In high-income countries, rates of atherosclerotic complications in type 2 diabetes have declined markedly over time due to better management of traditional risk factors including lipids, blood pressure and glycemia levels. Population-wide reductions in smoking have also helped lower atherosclerotic complications and so reduce premature mortality in type 2 diabetes. However, as excess adiposity is a stronger driver for heart failure (HF), and obesity levels have remained largely unchanged, HF risks have not declined as much and may even be rising in the increasing number of people developing type 2 diabetes at younger ages. Excess weight is also an underrecognized risk factor for chronic kidney disease (CKD). Based on evidence from a range of sources, we explain how excess adiposity must be influencing most risks well before diabetes develops, particularly in younger-onset diabetes, which is linked to greater excess adiposity. We also review potential mechanisms linking excess adiposity to HF and CKD and speculate on how some of the responsible pathways—e.g., hemodynamic, cellular overnutrition, and inflammatory—could be favorably influenced by intentional weight loss (via lifestyle or drugs). On the basis of available evidence, we suggest that the cardiorenal outcome benefits seen with sodium–glucose cotransporter 2 inhibitors may partially derive from their interference of some of these same pathways.

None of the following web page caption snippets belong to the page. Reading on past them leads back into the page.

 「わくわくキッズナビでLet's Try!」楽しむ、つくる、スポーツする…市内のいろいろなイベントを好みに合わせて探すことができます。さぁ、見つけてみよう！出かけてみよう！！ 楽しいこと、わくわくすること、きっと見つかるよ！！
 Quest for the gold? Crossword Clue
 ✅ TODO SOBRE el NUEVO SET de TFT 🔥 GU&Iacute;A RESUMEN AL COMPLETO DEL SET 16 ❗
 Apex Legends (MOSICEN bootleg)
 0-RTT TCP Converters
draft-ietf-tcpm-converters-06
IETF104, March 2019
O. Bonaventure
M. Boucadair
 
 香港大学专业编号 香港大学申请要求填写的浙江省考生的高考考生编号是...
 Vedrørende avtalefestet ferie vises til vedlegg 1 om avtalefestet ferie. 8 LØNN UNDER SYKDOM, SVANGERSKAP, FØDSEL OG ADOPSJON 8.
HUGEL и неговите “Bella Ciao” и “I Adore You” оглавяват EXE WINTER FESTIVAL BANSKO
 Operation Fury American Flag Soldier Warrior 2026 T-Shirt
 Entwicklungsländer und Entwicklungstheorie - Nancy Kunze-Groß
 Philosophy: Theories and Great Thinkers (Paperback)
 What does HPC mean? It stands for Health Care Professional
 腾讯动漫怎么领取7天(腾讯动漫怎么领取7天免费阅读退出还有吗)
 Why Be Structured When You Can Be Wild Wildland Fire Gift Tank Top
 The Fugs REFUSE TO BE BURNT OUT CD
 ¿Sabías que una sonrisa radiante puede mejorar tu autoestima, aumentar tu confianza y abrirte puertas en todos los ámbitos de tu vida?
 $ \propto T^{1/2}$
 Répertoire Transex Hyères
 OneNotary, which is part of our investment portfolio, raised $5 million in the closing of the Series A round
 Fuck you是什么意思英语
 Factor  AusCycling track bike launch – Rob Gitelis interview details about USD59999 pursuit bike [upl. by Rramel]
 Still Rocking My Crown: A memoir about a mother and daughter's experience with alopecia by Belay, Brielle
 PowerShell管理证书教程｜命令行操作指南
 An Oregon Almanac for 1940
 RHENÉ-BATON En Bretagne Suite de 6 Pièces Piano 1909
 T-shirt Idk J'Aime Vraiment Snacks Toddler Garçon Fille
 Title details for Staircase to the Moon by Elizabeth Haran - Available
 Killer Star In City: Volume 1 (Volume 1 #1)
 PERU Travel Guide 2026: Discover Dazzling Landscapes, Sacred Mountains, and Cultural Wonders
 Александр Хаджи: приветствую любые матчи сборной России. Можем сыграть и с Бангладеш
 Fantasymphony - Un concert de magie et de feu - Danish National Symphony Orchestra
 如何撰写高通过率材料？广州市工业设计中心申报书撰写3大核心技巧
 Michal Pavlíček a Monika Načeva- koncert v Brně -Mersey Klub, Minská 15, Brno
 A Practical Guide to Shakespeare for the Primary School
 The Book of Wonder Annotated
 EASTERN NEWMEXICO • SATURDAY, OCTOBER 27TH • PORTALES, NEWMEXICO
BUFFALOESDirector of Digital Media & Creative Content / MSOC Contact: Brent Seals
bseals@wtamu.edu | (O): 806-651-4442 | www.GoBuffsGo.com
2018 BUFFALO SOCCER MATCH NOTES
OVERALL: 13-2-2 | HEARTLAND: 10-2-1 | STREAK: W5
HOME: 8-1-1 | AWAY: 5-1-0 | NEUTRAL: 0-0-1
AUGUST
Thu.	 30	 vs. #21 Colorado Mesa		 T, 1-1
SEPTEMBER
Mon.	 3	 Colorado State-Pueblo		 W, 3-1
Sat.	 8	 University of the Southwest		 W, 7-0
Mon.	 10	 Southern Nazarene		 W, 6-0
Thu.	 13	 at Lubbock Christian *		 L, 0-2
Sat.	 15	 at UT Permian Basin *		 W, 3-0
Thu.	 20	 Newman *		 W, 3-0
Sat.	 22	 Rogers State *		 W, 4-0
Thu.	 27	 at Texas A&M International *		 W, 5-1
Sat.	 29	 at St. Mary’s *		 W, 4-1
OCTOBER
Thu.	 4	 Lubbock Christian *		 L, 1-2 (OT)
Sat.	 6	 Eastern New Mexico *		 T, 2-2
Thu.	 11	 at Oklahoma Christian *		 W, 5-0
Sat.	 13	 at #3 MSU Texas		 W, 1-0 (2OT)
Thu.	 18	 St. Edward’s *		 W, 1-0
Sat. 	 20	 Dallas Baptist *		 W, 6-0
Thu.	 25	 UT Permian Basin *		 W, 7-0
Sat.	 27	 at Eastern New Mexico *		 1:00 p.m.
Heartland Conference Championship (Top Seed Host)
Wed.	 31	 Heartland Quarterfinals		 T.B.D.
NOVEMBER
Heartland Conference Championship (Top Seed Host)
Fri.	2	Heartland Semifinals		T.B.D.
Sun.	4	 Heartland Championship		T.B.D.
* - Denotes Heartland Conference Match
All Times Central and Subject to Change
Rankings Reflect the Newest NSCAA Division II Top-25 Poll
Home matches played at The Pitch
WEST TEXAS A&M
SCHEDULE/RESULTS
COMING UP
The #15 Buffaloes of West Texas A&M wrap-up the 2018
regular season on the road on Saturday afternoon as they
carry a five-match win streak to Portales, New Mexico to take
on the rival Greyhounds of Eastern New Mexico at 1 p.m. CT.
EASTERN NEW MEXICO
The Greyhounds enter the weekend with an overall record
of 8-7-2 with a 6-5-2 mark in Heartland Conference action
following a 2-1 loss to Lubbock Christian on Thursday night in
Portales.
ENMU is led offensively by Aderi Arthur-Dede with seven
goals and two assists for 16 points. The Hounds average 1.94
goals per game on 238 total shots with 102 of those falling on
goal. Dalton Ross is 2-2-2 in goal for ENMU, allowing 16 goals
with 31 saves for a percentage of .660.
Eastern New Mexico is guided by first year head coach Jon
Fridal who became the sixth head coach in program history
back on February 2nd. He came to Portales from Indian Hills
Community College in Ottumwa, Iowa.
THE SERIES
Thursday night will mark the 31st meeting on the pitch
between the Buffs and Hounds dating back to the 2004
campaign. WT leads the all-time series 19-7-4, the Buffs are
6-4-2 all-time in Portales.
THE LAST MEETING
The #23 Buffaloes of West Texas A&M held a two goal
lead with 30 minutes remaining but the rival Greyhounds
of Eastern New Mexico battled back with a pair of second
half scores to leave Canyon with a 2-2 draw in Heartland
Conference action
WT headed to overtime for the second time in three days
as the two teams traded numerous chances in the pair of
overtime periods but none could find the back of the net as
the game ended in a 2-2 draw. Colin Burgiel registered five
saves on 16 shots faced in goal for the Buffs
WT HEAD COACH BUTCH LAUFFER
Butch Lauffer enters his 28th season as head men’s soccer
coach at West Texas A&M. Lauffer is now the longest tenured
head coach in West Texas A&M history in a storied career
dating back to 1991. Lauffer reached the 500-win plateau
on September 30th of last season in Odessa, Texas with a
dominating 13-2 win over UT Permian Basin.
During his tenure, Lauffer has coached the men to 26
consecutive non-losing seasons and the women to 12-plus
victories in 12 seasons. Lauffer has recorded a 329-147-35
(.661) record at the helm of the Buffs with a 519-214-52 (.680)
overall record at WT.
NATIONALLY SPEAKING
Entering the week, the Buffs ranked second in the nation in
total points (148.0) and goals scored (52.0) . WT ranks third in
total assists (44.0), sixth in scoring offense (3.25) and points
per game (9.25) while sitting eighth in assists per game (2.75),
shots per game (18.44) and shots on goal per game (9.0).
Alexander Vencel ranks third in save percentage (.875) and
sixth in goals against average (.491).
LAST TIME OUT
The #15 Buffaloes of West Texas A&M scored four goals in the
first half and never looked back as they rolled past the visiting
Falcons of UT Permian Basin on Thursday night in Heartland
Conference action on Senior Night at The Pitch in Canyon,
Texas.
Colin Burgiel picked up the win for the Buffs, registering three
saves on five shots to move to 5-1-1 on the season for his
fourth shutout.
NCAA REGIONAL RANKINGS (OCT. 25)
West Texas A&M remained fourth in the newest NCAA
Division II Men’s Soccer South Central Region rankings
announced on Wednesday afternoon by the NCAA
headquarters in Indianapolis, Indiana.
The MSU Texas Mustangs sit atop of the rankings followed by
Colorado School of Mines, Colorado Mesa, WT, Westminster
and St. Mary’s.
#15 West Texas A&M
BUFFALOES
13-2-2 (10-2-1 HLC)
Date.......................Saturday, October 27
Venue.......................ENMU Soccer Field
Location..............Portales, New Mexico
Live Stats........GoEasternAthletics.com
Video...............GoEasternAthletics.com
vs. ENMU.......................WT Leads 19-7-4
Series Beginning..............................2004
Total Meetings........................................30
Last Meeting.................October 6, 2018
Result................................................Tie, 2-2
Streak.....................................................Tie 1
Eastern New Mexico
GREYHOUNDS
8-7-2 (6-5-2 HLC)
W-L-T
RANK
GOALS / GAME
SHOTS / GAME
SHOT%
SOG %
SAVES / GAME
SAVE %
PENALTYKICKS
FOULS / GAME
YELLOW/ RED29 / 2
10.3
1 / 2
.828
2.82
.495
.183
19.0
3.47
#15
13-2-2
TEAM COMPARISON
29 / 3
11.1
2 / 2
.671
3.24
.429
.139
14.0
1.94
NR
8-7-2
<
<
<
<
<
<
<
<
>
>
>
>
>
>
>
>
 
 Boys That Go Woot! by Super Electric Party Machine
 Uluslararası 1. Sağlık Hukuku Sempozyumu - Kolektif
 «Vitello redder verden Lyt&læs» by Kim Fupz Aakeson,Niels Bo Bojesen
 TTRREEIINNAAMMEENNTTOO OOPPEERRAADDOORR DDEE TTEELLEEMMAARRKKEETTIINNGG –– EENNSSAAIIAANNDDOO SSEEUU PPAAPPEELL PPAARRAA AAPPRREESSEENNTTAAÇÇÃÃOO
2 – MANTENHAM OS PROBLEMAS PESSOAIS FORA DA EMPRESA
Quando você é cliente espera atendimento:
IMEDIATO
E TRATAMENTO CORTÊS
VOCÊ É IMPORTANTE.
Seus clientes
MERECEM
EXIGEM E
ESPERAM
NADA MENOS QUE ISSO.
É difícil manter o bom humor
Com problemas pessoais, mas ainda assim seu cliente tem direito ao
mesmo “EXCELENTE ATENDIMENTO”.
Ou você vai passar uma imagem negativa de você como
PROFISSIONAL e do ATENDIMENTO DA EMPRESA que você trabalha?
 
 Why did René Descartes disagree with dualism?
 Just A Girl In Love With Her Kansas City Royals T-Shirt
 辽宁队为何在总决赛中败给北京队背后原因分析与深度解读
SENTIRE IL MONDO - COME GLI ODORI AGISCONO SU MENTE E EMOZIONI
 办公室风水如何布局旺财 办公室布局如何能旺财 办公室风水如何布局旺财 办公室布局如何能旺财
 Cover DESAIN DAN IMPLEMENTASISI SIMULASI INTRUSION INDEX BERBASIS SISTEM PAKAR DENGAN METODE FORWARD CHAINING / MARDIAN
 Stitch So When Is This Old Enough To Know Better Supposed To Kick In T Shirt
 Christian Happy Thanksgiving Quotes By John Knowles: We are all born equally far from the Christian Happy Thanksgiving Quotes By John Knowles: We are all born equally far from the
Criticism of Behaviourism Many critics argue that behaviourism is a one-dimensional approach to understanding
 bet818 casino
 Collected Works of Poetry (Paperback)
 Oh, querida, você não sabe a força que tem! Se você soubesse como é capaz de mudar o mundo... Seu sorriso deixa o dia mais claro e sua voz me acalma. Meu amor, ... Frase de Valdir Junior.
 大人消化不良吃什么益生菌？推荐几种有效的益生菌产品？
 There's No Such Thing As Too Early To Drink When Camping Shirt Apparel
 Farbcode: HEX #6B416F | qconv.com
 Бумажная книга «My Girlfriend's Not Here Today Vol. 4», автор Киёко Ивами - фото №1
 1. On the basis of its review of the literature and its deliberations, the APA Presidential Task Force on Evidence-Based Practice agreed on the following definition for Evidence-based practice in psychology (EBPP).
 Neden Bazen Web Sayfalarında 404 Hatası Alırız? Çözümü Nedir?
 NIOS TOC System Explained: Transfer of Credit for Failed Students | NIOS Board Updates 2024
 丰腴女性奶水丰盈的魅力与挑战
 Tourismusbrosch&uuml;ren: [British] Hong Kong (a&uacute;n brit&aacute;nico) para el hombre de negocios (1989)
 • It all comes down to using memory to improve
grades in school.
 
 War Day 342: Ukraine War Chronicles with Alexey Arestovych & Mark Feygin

We also note that many other complications common in diabetes (e.g., hepatic, joint disease, perhaps mental health) are also variably linked to excess adiposity, the aggregated exposure to which has now increased in type 2 diabetes. All such observations suggest a greater need to tackle excess adiposity earlier in type 2 diabetes.

中文翻译:

2 型糖尿病患者的心血管和肾脏风险:当代对过度肥胖的认识

在高收入国家,由于对血脂、血压和血糖水平等传统危险因素的更好管理,2型糖尿病动脉粥样硬化并发症的发生率随着时间的推移显着下降。全民吸烟量的减少也有助于降低动脉粥样硬化并发症,从而降低 2 型糖尿病的过早死亡率。然而,由于过度肥胖是心力衰竭 (HF) 的一个更强有力的驱动因素,而且肥胖水平基本保持不变,因此,心力衰竭的风险并没有下降那么多,甚至在越来越多的年轻时患上 2 型糖尿病的人中,心力衰竭的风险甚至可能上升。体重过重也是慢性肾脏病 (CKD) 的一个未被充分认识的危险因素。基于来自多种来源的证据,我们解释了过度肥胖如何在糖尿病发生之前就影响大多数风险,特别是在年轻发病的糖尿病中,这与更大的过度肥胖有关。我们还回顾了过度肥胖与心力衰竭和慢性肾病之间的潜在机制,并推测一些相关途径(例如血流动力学、细胞营养过剩和炎症)如何受到有意减肥(通过生活方式或药物)的有利影响。根据现有证据,我们认为钠-葡萄糖协同转运蛋白 2 抑制剂对心肾结果的益处可能部分源于它们对某些相同途径的干扰。我们还注意到,糖尿病中常见的许多其他并发症(例如肝脏、关节疾病,或许还有心理健康)也与过度肥胖存在不同程度的相关性,目前 2 型糖尿病中肥胖的总暴露量有所增加。所有这些观察结果表明,更需要在 2 型糖尿病早期解决过度肥胖问题。